Izotope RX Audio editor has a music rebalancing feature where you can select any of the four elements and modify their volume. It can't work perfectly but would be pretty good for this. One element is vocals so just leaving that at full volume and lowering the volumes of the other elements would do well. That and removing the sides, the low and some high frequencies should help isolate the voices even more. Beyond that you need careful use of cutting up the audio with fades to fully isolate the audio.


----------



## Fredeke (Jan 28, 2019)

Hasen6 said:


> Izotope RX Audio editor has a music rebalancing feature where you can select any of the four elements and modify their volume. It can't work perfectly but would be pretty good for this.
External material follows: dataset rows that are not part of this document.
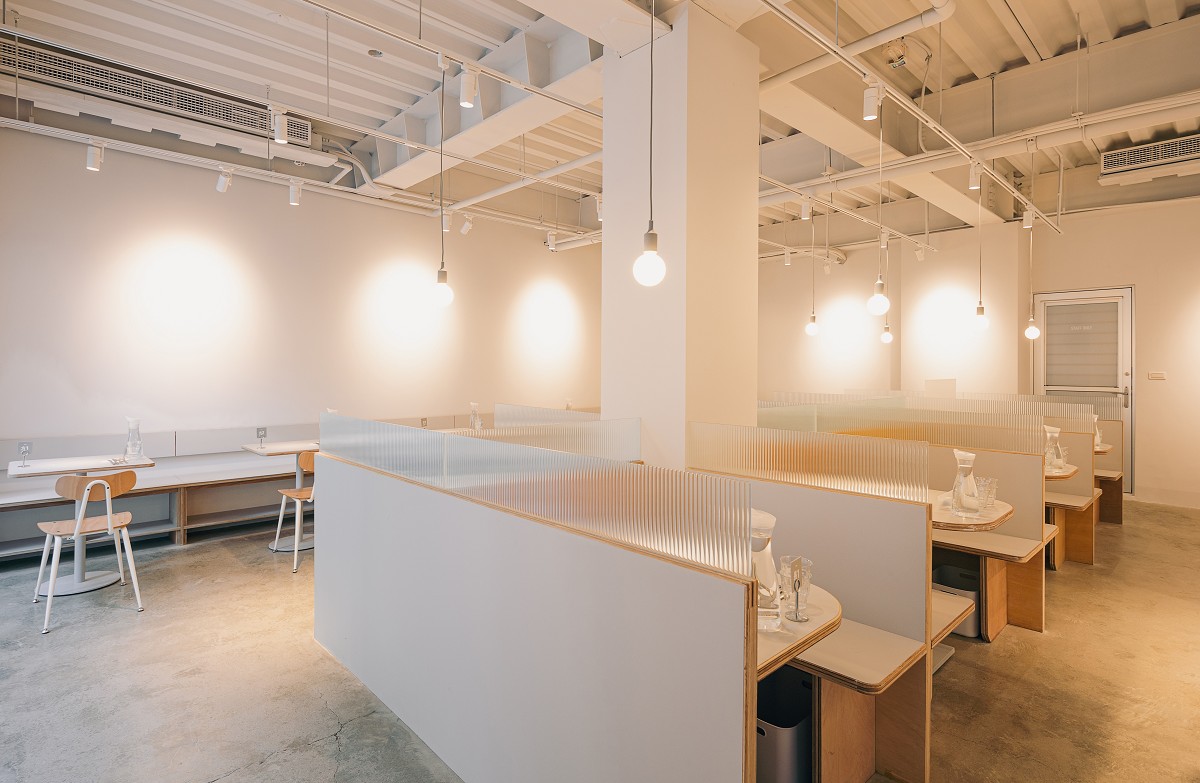 台北特色早午餐「BRUN不然 信義店」!通透綠意空間感受鬧中取靜美食氛圍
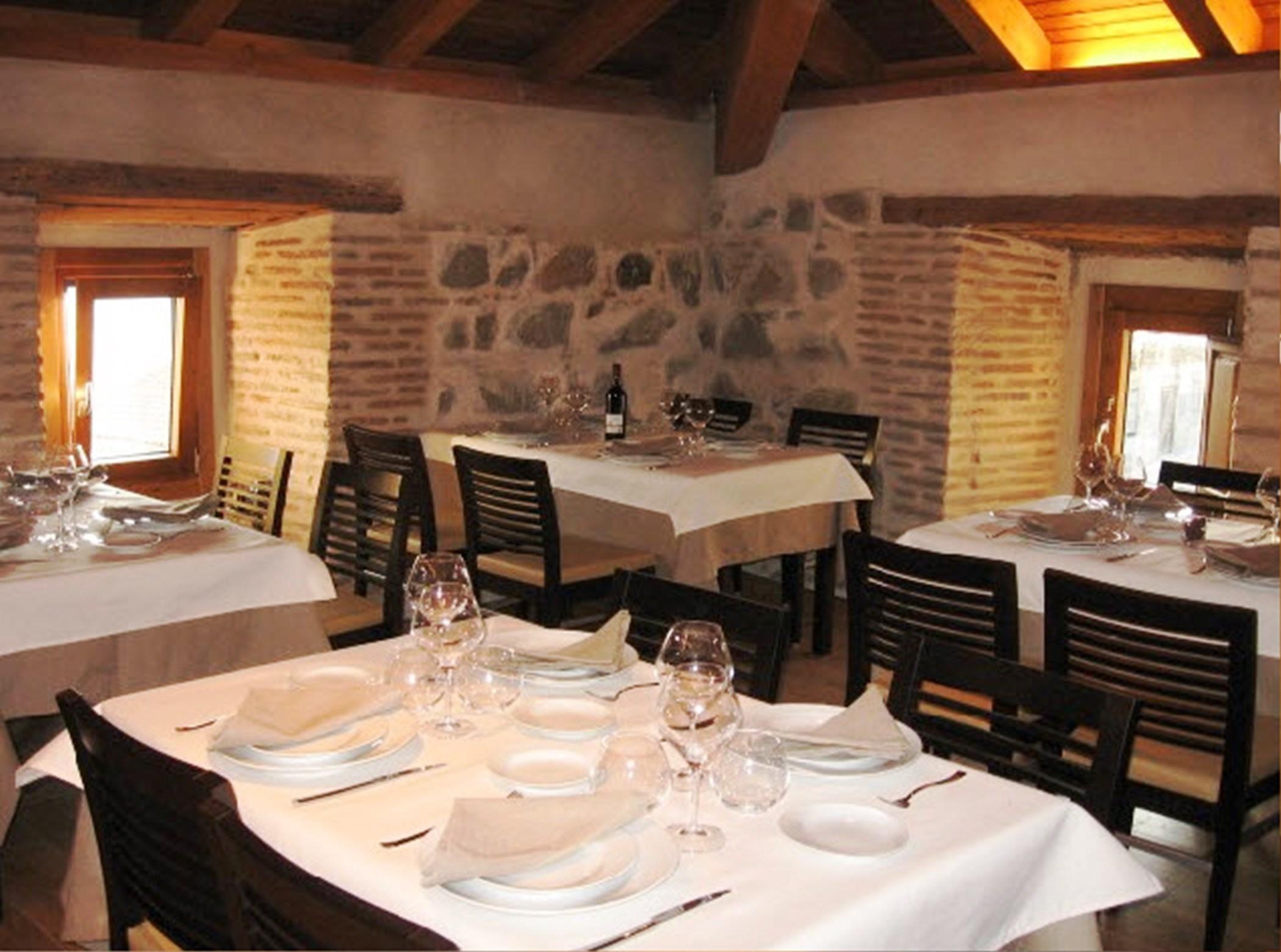 Hotel Las Leyendas Avila Restaurant photo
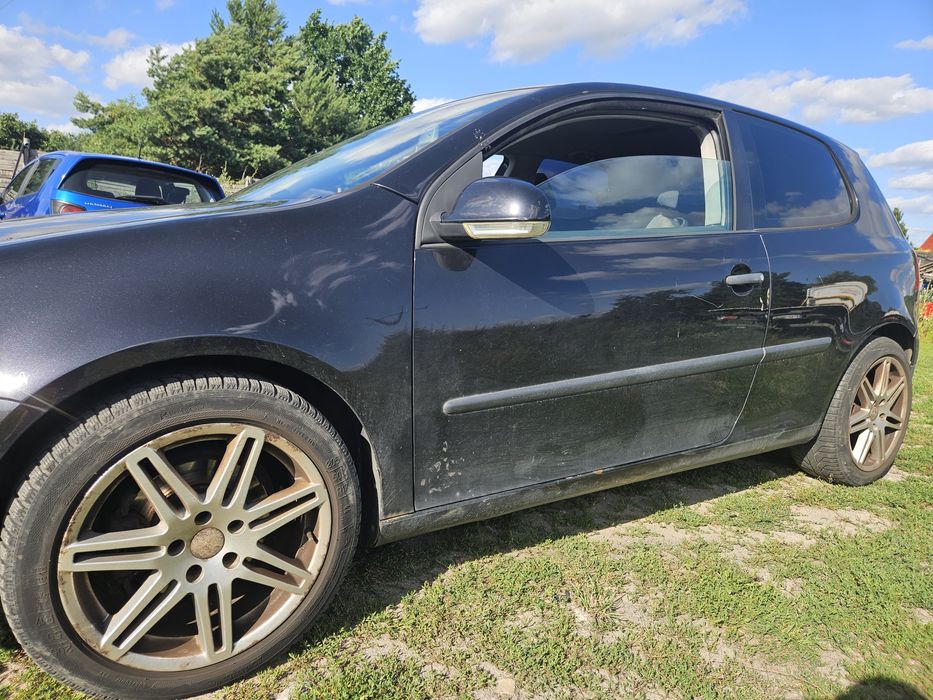 VW Golf 5 LC9Z zderzak maska blotnik lampa drzwi klapa alufelgi 1.4 tsi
One element is vocals so just leaving that at full volume and lowering the volumes of the other elements would do well.



In the near future, AI should improve music removal (or vocals removal) greatly.
(In fact I predicted a couple of years ago that the first developer to do this would make tons of money. We'll see whether I was right.)

Now I wonder: Does Izotope RX use AI already ?


----------



## Hans-Peter (Jan 28, 2019)

Fredeke said:


> In the near future, AI should improve music removal (or vocals removal) greatly.
> (In fact I predicted a couple of years ago that the first developer to do this would make tons of money. We'll see whether I was right.)
> 
> Now I wonder: Does Izotope RX use AI already ?



Audionamix already uses AI. Not sure whether they make lots of money ...


----------



## Fredeke (Jan 28, 2019)

Hans-Peter said:


> Audionamix already uses AI. Not sure whether they make lots of money ...


Then I guess I was wrong earlier, when I implied removing the music was near impossible. New technology outdates our certitudes so fast...


----------